Laser cut chassis for assembly with finger joints 202z comprises a central rib 299y having a support section 298 for supporting head frame 224z.

Central rib 299y and side ribs 299x and 299z are held together on one side by Small steel board 23 lz and head frame 224z, and on the other side by back steel board 232x and strings anchoring bridge 232z.

Finger joints are used to connect some of the parts as can be seen in the assembled (in cut-out view) for connecting central rib 299y and strings anchoring bridge 232z. Similarly, enlarged finger joint 232u is seen for connecting central rib 299y and head frame 224z.

Slots, such as 297 (only few are marked) shaped to mate with bulges 296 to help aligning the parts during assembly. Joining the parts may further comprise spot welding, soldering, gluing, or other methods known in the art.

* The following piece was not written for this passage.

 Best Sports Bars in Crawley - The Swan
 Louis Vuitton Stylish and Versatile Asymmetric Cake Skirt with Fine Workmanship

It should be noted that finger joints in this formation may not be stable thru time and mechanical shocking or vibrations; however, in this case, the formation will later in the production process be stabilized by a resin, as explained regarding Figure 2C as well as in other places thru this document. The advantage of using finger joints in this formation is in avoiding the need to use welding, screws, or other similar methods which are costly and/or has accuracy issues.

Figure 3C schematically depicts an exemplary embodiment of metal chassis 202d according to another exemplary embodiment of the current disclosure.

Metal chassis 202d provides the rigidity to withstand the tension of the strings. Metal chassis 202d may be stamped and/or folded metal sheet, wherein the folds provides additional strength to withstand the tension of the strings.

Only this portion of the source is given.